1. One example of direct characterization is when Hazel first sees and meets Augustus. She explains his voice as, "low, smoky, and dead sexy". You could tell by just reading it that she liked him from then on. A second example of direct characterization is when she meets Peter Van Houten, the author of her favorite book, for the first time. She explains him as, "a potbellied man with thin hair, sagging jowls, and a week-old beard". The way she described him painted a perfect picture in my head of what he would look like. An example of indirect characterization is in the same part of the book when Peter Van Houten is being extremely rude to them saying how he didn't literally mean he wanted them to fly to Amsterdam to visit him and he wasn't going to tell them what happened to the characters after the book ended like he said he would. It shows that he just a curmudgeon and very rude man without actually saying it. Another example would be Patrick, the support group leader. Every meeting he would talk about how he had testicular cancer and how he was ball-less now and how hard it is for him and it showed that he was repetitive and tiresome even though he had good intentions. The author uses both to describe characters as a way for the reader to create their own understanding of how the characters were without actually saying it but at the same time explaining what they looked like to put a clear picture in the readers mind. It left an impression on me for some of the characters like Augustus who I can picture clearly and I understand how he would act and react and think if he were a real person. It didn't leave a lasting impression for all of the characters but the main ones it did for sure.

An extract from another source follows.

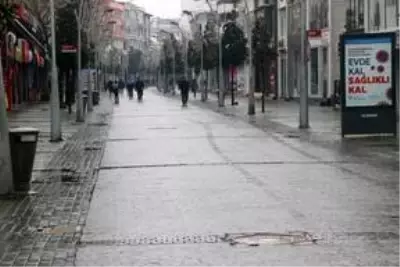 Yurt genelinde 'evde kal' çağrısına büyük oranda uyuluyor Yurt genelinde 'evde kal' çağrısına büyük oranda uyuluyor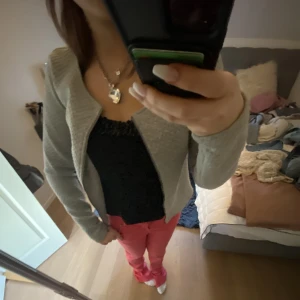 Grå kofta  - Grå quiltad kofta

2. The authors syntax and diction changes when he talks about characters like Augustus and Peter. The vocabulary becomes a bit more complex and sentences start to be more metaphoric because that's how the characters are. On the same spectrum the vocabulary and sentence structure becomes more simple when he talks about the parents of Augustus and Hazel and characters that don't show up as much like their friend Issac.

3. The protagonist in this story is cancer itself. There isn't a person that the characters have to deal with it is the thing they have to live with and deal with. That being said the protagonist is mostly static but also dynamic. The cancer is in both of the main characters but Hazel has it and Augustus was cancer free for months and later found out the cancer had spread all throughout his body. The cancer symbolizes change and how fast it can occur and alter the way people think. Hazel and Augustus talk about how cancer is a side effect of dying and they are not glad that they have it or had it but they've come to accept that there is virtually nothing they can do about it. Augustus lost his previous girlfriend to brain cancer and (spoiler) Hazel loses Augustus to his cancer. Both of their lives are drastically changed by something that doesn't change throughout the whole book.

4. After finishing the book I strongly feel like I knew the characters. More Hazel than Augustus because sometimes I felt like I was reading a character when it was about Augustus. I really feel like I met and knew Hazel throughout the whole book and it was probably because I could relate to how she looked at the world and I could see what she meant even when I didn't think that way sometimes. For example when she says, "I  nodded. I was crying. I couldn't get over how happy I was, crying genuine tears of actual happiness for the first time in maybe forever, imagining my mom as Patrick. It made me think of Anna's mom. She would have made a good social worker, too." (Page 298) Her thinking that made me think about what I would do in a situation like that and I also would relate it to a book I had read or a TV show I had seen, which Anna and her mother are characters in her favorite book that she was referencing.